About this task: Please copy each line of the listing that includes the string "Room".

======

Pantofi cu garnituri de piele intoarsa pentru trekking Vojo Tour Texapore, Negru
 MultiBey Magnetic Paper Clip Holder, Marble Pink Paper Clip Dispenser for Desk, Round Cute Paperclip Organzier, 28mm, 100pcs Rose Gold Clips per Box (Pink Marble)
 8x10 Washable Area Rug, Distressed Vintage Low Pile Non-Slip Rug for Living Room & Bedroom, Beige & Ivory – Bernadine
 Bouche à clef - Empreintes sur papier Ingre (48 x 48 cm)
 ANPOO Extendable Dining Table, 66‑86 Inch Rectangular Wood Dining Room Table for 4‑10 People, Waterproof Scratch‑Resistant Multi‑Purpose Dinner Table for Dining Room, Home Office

======

Result for this task:
 8x10 Washable Area Rug, Distressed Vintage Low Pile Non-Slip Rug for Living Room & Bedroom, Beige & Ivory – Bernadine
 ANPOO Extendable Dining Table, 66‑86 Inch Rectangular Wood Dining Room Table for 4‑10 People, Waterproof Scratch‑Resistant Multi‑Purpose Dinner Table for Dining Room, Home Office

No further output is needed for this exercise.